§ **Listed entries**:
++++++++++++++++++++

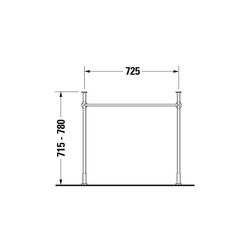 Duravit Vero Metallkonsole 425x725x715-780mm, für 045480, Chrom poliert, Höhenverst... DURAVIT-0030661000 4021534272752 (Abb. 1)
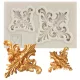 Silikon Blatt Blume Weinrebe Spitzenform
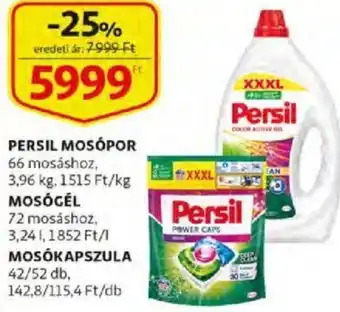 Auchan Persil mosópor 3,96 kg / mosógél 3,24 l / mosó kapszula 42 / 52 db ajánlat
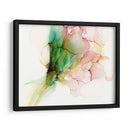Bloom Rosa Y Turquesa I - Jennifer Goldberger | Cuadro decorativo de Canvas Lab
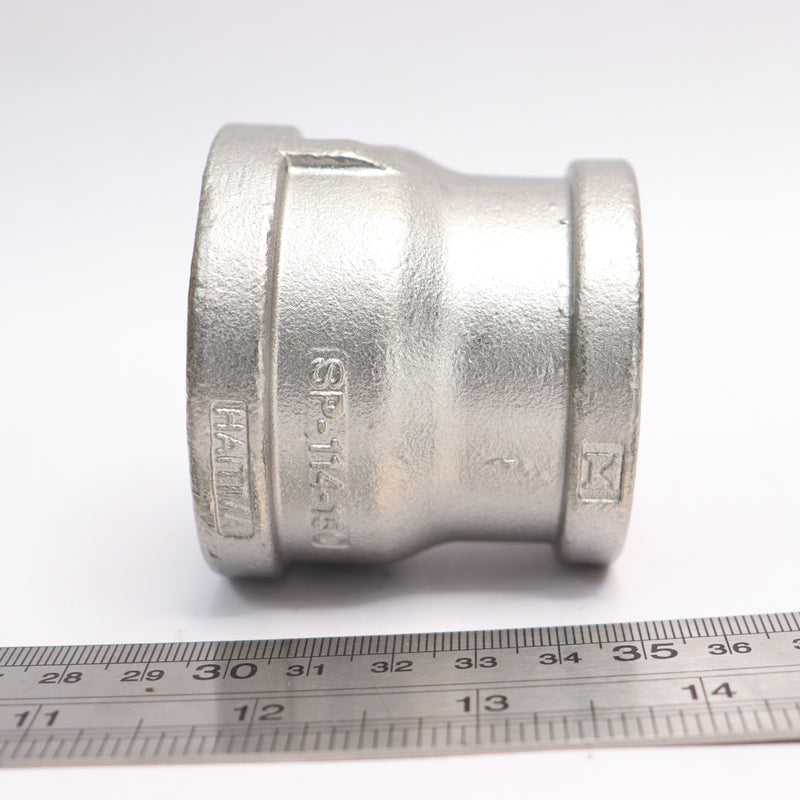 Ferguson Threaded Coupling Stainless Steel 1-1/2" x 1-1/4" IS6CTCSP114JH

++++++++++++++++++++

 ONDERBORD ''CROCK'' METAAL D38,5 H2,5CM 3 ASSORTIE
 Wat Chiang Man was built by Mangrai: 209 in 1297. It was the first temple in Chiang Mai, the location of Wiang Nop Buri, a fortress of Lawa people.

++++++++++++++++++++

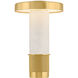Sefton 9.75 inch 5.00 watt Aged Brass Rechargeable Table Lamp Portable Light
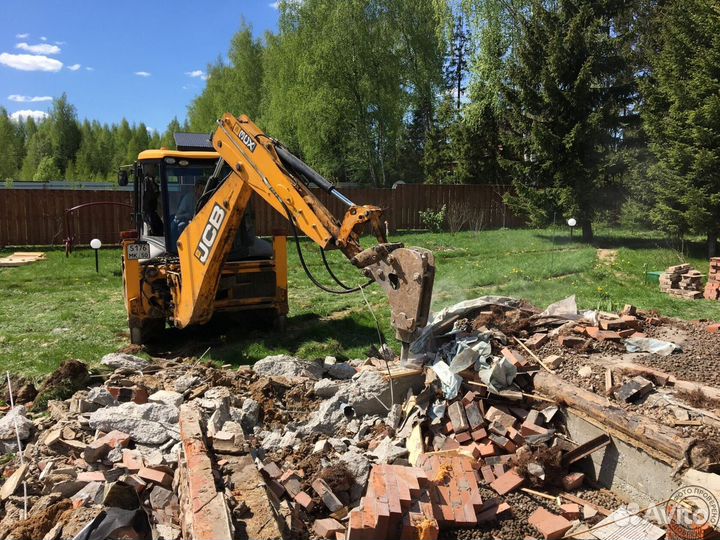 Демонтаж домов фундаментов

++++++++++++++++++++

§ **Problem description**:
Go to the line above that contains "Auchan Persil mosópor" and reproduce everything exactly from there through the line that contains "Ferguson Threaded Coupling", leaving out the pictures.

§ **Response to the exercise**:
 Auchan Persil mosópor 3,96 kg / mosógél 3,24 l / mosó kapszula 42 / 52 db ajánlat
Bloom Rosa Y Turquesa I - Jennifer Goldberger | Cuadro decorativo de Canvas Lab
 Ferguson Threaded Coupling Stainless Steel 1-1/2" x 1-1/4" IS6CTCSP114JH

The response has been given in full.